For post-16 students living any appreciable distance from Aberaeron, especially north of Aberystwyth, centralisation in south Ceredigion would make further study impossible. The effective abandonment of such pupils would be the greatest single indictment against a plan in any case heartless and without caring for young people’s futures.

The council pleads poverty. Post-16 schooling, it claims, costs more than it can continue to afford, the £3.7m it gets from a Welsh government grant for that purpose being about £1.5m below what’s needed. “All but one school in Ceredigion have to use core 11-16 funding to varying degrees to maintain their sixth forms”, the report says.

This from an authority with a current year revenue spending budget of £224.2m, a £23.3m increase on 2022-23. An 11.6 per cent rise that is the second highest - after Gwynedd - among the five west Wales counties.

The others all find their sixth-forms affordable - why doesn’t Ceredigion?

Council spending based on population is far lower in Carmarthenshire, Powys and Pembrokeshire than in Ceredigion, but they all manage to pay for post-16 schooling.

Why can’t Ceredigion make ends meet?

One peripheral reason may be that numbers of Ceredigion sixth-form students fell from 535 in 2014-15 to 390 in 2020-21, which in 2022-23 resulted in a £273,000 (7.05 per cent) cut in Welsh government funding for post-16. Clearly, this reduction could be only a temporary setback, though the council’s effective vote of no confidence in the future of sixth-forms will do nothing to encourage students to stay on.

But another, far bigger, reason is the millions paid out every year in interest on accumulated council borrowing from the Public Works Loan Board, a lending facility for local authorities for capital projects.
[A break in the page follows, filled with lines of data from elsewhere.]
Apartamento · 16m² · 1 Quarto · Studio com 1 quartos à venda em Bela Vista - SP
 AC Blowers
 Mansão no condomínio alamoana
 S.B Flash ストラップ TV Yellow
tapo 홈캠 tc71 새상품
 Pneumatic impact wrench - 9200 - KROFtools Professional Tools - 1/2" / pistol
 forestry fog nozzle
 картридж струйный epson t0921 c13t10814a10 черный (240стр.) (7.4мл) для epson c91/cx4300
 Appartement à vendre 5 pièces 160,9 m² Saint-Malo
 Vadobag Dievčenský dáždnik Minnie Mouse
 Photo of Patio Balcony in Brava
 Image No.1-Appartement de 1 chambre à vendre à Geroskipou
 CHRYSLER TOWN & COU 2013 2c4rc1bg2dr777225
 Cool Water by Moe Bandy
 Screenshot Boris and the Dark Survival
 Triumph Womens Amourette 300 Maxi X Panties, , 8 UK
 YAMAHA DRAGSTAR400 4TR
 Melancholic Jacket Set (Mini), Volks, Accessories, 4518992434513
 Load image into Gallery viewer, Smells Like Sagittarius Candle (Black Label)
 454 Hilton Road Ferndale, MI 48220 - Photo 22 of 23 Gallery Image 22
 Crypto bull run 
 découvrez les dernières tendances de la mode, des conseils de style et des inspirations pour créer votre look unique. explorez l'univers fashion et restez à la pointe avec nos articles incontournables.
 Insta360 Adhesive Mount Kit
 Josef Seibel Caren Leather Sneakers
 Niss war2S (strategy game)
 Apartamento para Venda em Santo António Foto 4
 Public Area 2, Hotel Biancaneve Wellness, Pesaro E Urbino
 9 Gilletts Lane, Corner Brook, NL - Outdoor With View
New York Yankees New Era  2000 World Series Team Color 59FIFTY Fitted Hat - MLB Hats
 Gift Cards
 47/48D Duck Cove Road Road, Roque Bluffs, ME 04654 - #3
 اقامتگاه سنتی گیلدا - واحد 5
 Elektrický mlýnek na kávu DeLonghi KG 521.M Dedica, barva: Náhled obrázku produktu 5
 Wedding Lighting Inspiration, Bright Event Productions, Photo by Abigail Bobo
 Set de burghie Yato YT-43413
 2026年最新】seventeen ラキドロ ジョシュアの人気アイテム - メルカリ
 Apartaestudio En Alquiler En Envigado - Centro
Latest figures, from June, show the authority with total outstanding debts of £107,811,980 from 40 loans taken out between 1971 and 2020.

In 2022-23 alone, £4.638m was paid out in interest on external borrowing, £510,000 less than the £5.148m budgeted for.

So here’s a happy coincidence. The sum the council calls a “favourable variance” more than matches the £408,519 it estimates to be the current year’s shortfall in the government’s sixth-form grant. No need for them to worry about plugging that gap, then.

Is this the way forward? As with this year, the authority may like to fix a debt interest budget that’s on the generous side, and use the surplus to supplement the sixth-form fund.

This may be seen as a frivolous suggestion. On the other hand, is it any less sound than decisions over expensive capital loans whose legacy may be the current very serious threat to the futures of hundreds of Ceredigion school students?

Think Canolfan Rheidol, the £16m white elephant suite of council offices which echoes with the absence of its hundreds of now home-working staff. A dodgy enterprise from the start, hatched in 2007 behind closed doors, launched without public consultation.

This column has for some time been asking the present administration how much was borrowed to build and equip it, and how much debt remains. It has refused to say. A freedom of information request - which shouldn’t be necessary - looks inevitable.